On board Doyle a visiting reporter from Yank, the Army news magazine, wrote that "since midnight we had watched the prelude to the big show ... First came the Pathfinders [lead planes that marked target areas with flares]. ... I watched five separate air attacks, each lasting not more than ten minutes." (Bernard)

--21--

0230: On board Thomas Jefferson, about 12 miles offshore, assault troops began climbing down into LCVPs, 36-foot plywood-hulled landing craft. "The process ... was rendered difficult by the choppy seas, which caused some minor delays ... Thomas Jefferson was able to unload all its craft in 66 minutes." (Omaha Beachhead, 38)
0430: Thomas Jefferson's landing craft departed for Omaha Beach. Thompson noted "intense aerial bombardment of Point[e] du Hoc area taking place." At 0500 a "plane exploded and crashed. ..."
0515: Norwegian Destroyer Svenner, in the British beachhead area, tried to turn into a German E-Boat torpedo spread but didn’t quite make it. She was one of the first naval casualties; more would come later.1

____________

1. The first Allied naval casualty of Operation Neptune was the American minesweeper Osprey (AM 56), lost to a mine in the Channel on 5 June.

Just after 0530 the surface-ship war started. The French light cruiser Montcalm, anchored about 7,500 yards off the beach, opened fire first. It was both fitting and sad, for the French sailors were firing at their own homeland. Doyle and Emmons came under fire from enemy artillery around Port-en-Bessin and promptly fired back, with Harding and Baldwin joining in. And the Yank reporter in Doyle wrote, "German 155mm rifles, far on the left flank, were pumping shells around the pre-invasion task force, raising towers of foam ominously close." (Bernard)
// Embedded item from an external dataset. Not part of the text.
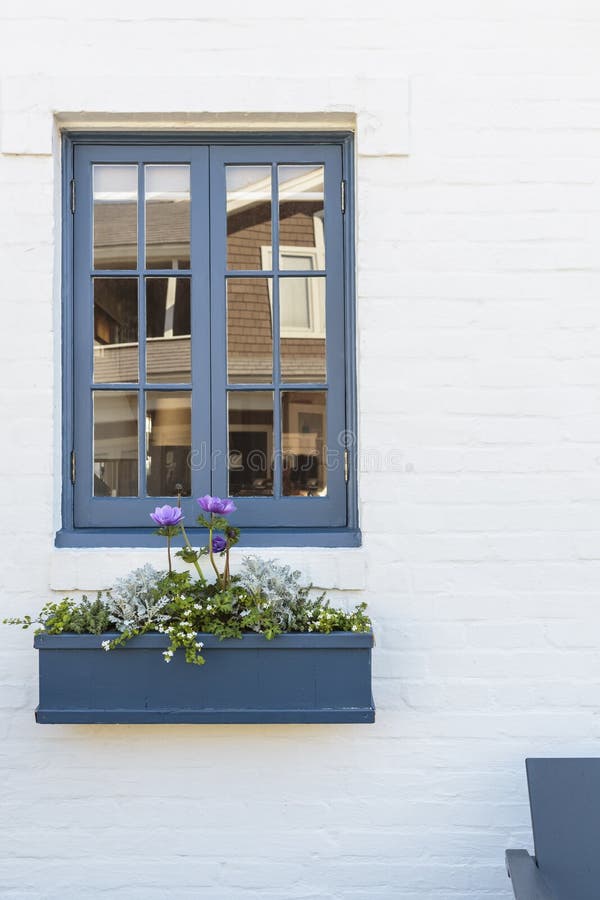 A blue window frame of a white family home, with a flower planter box and purple flowers. Also seen is the reflection of a neighboring home, and a blue porch chair. A blue window frame of a white family home, with a flower planter box and purple flowers. Also seen is the reflection of a neighboring home, and a blue porch chair.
Doyle identified the German guns as 75mm or 88mm, and located the battery west of Port-en-Bessin. Emmons, on the other hand, reported it to the east of the port. Harding reported that the guns were 155mm. The hand-drawn chart enclosed with Doyle's action report showed batteries in both places. These guns fired again later in the day, and the destroyers returned fire.

0530: "One of the control vessels for Dog Beach drifted off station, which may explain some of the later troubles of approach in that sector. The fact that all the mislanded craft were east of their targets points to the tidal current as a contributing factor." (Omaha Beachhead, 40)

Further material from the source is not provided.